Web page caption snippets
↓

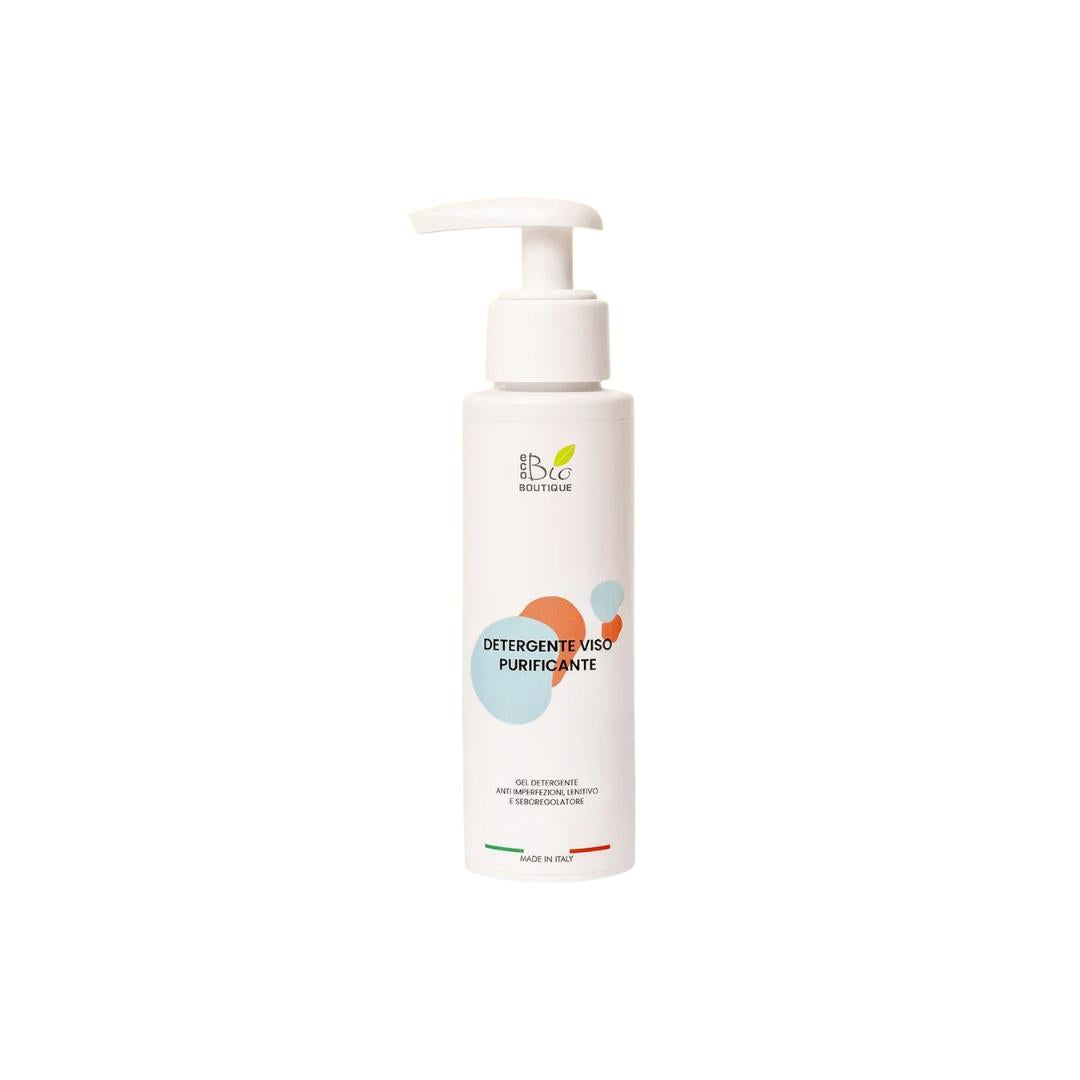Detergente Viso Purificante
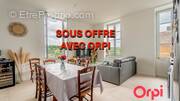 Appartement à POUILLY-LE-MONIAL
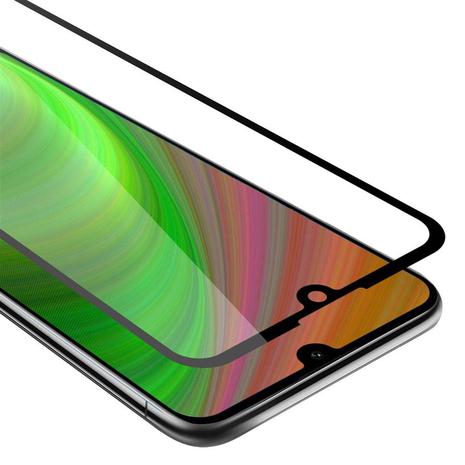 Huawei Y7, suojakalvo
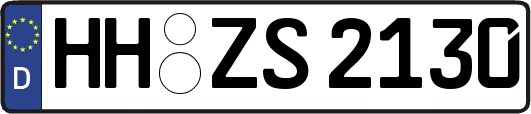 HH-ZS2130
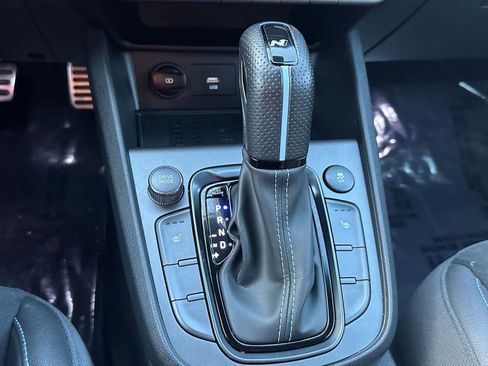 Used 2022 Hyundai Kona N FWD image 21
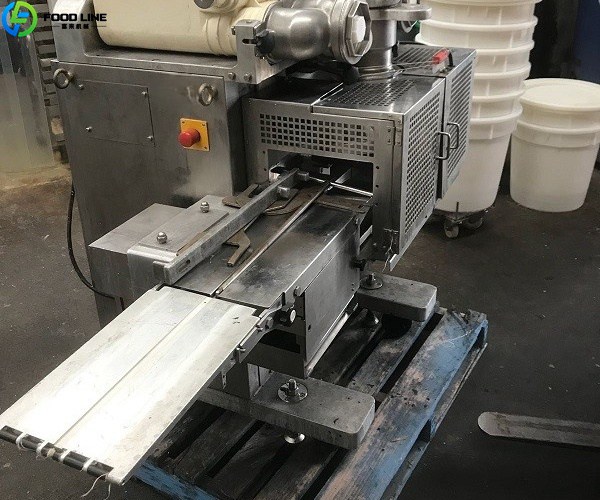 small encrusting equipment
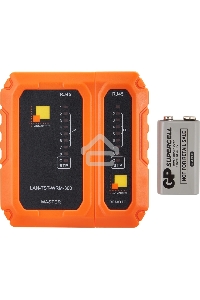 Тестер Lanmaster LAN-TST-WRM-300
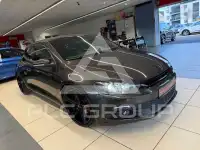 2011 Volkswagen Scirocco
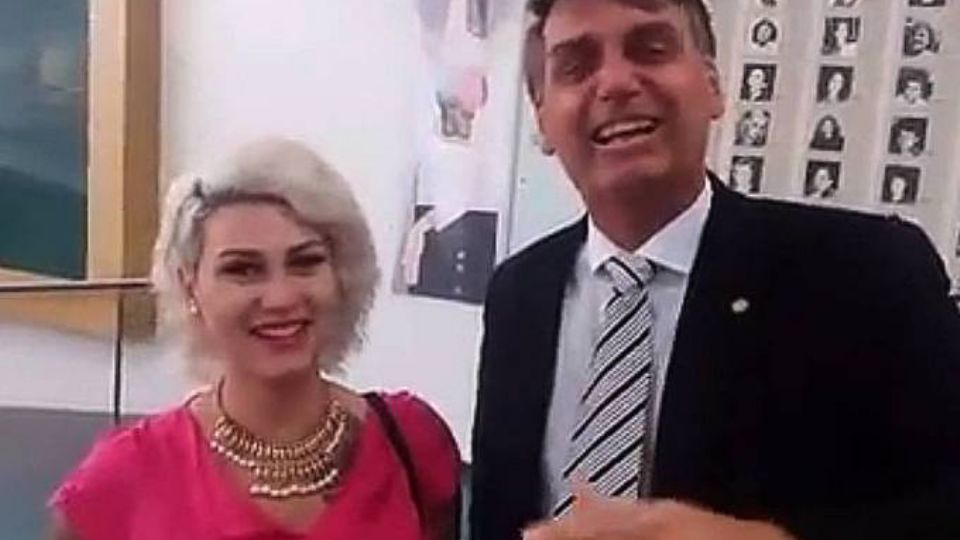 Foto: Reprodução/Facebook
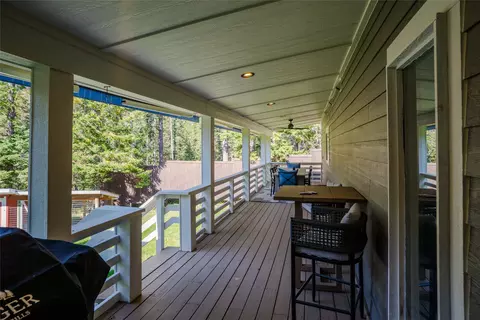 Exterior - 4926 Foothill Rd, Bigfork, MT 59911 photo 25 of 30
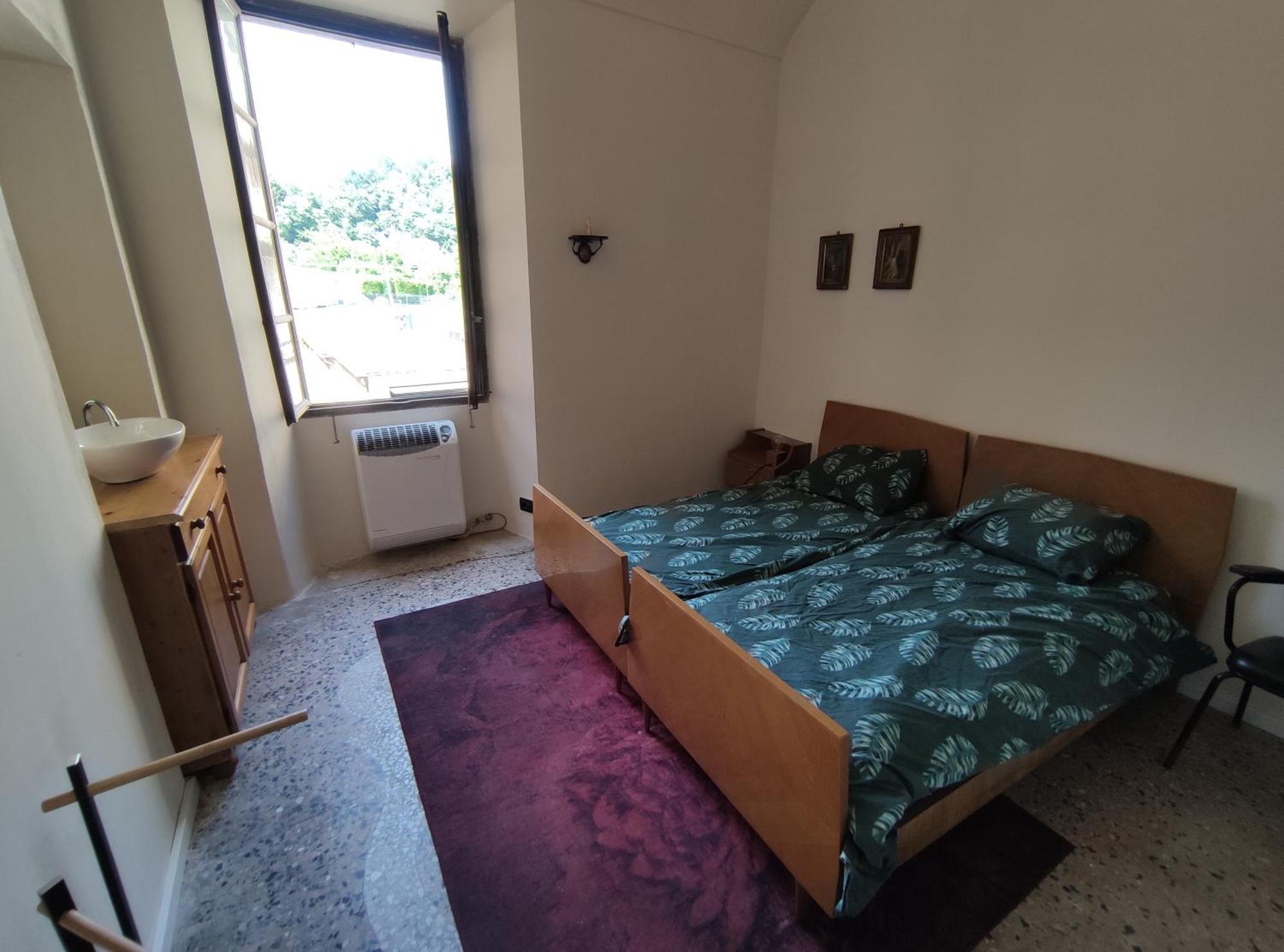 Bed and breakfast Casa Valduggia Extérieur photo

↑

--- Directions for this task ---
Leaving out every picture, transcribe exactly the lines from the line that contains "Тестер Lanmaster LAN-TST-WRM-300" through the final line of the entries above.

--- Output below ---
 Тестер Lanmaster LAN-TST-WRM-300
 2011 Volkswagen Scirocco
 Foto: Reprodução/Facebook
 Exterior - 4926 Foothill Rd, Bigfork, MT 59911 photo 25 of 30
 Bed and breakfast Casa Valduggia Extérieur photo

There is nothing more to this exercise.